If you can’t see what it is from this picture, it isn’t saying anything worth saying. It is, as they might say in Strathclyde, a self-righteous havering pile of sh*te.
Here’s what it said:
It was found that the median number of reported domestic incidents was significantly greater in the Old Firm condition, compared with the Old Firm comparator and both Scotland International conditions.
That means more people punch their partner in the face when Celtic are playing Rangers, more than when any other match is on. So why not say it? Bit they havnae finished:
Moreover, there was no statistical difference between the Scotland International and Scotland International comparator conditions. Additional comparisons indicated a statistically significant difference between Old Firm and Scotland International comparator conditions, but none between Scotland International and Old Firm comparator conditions.
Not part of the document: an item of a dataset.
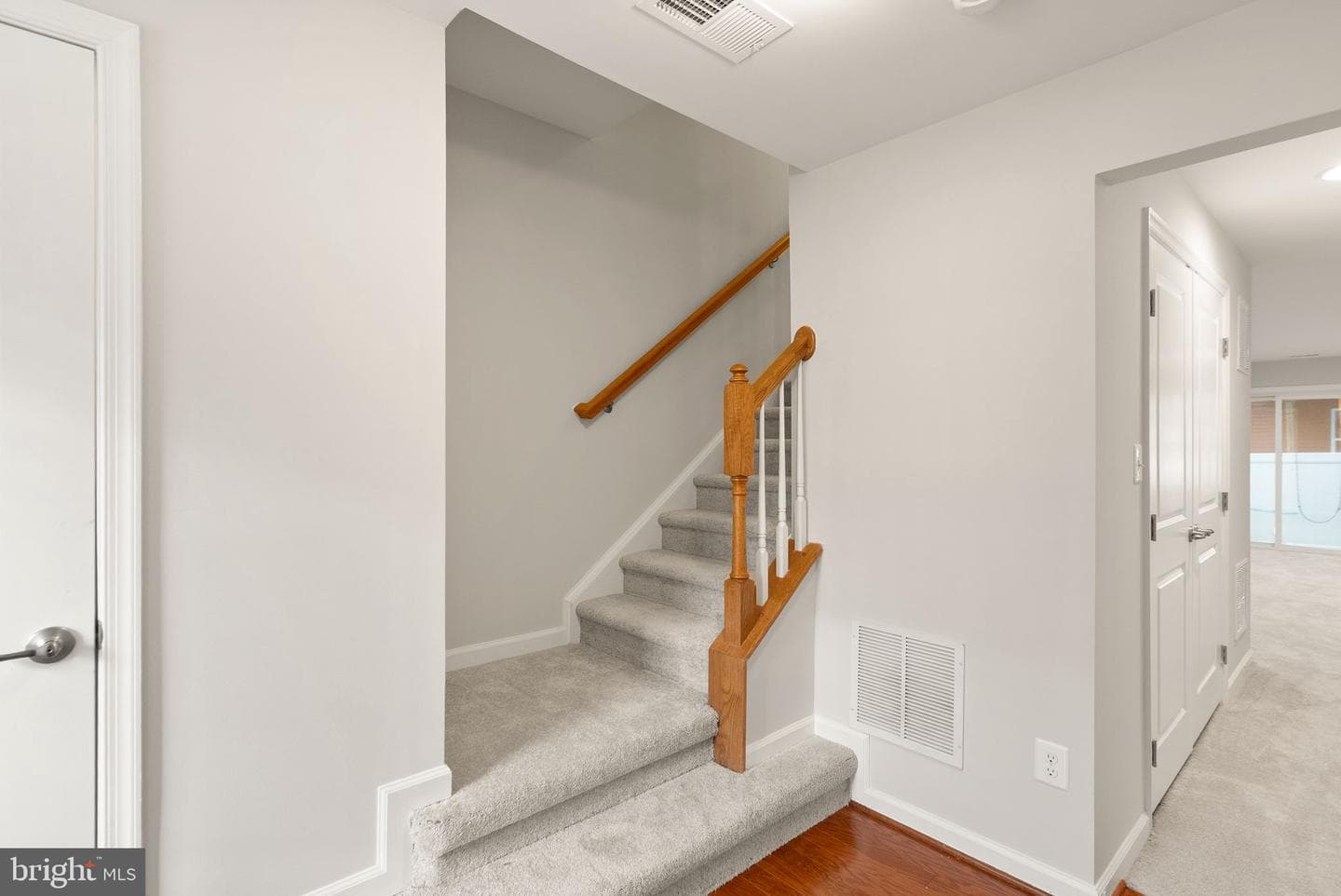 41688 Mcmonagle Square photo 18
Moreover, that is simply repeating the first sentence, unless you want to know that when Celtic play Rangers there’s a difference in the amount of partner-face-punching compared to when Scotland International matches are on, but we’re not told which way, better (less) or worse (more). Sorry, that’s me introducing my disgusting, frivolous anecdotal subjectivity into science. Again.
We are told there is evidence of a link between sporting events and increased levels of domestic violence in wider society (Brimicombe & Café, 2012). Palmer (2011) discusses the role of the “holy trinity” (seeWenner, 1998) of sports, alcohol, and hegemonic masculinity in the context of domestic violence but this minces words.
How about this? Sport, specifically football, attracts morons who like a fight, especially when they’re drunk. There are no mass fights at rugby matches, or tennis or chess tournaments or even cricket matches, despite the temptation to lump the bathetic Barmy Army. When Celtic are playing Rangers, drunk morons who think their God likes this kind of behaviour like to smack their wives and girlfriends about, more than at other times.
This is not “engaging in hegemonic masculinity.” This is called being a violent, domineering, retarded inadequate. There are other, much shorter words that I know for a fact are often used in Strathclyde. But of course, a proper social researcher could come up with a more academic nomenclature.
I didn’t do well in Sociology. Somehow I just couldn’t see the point of it at all.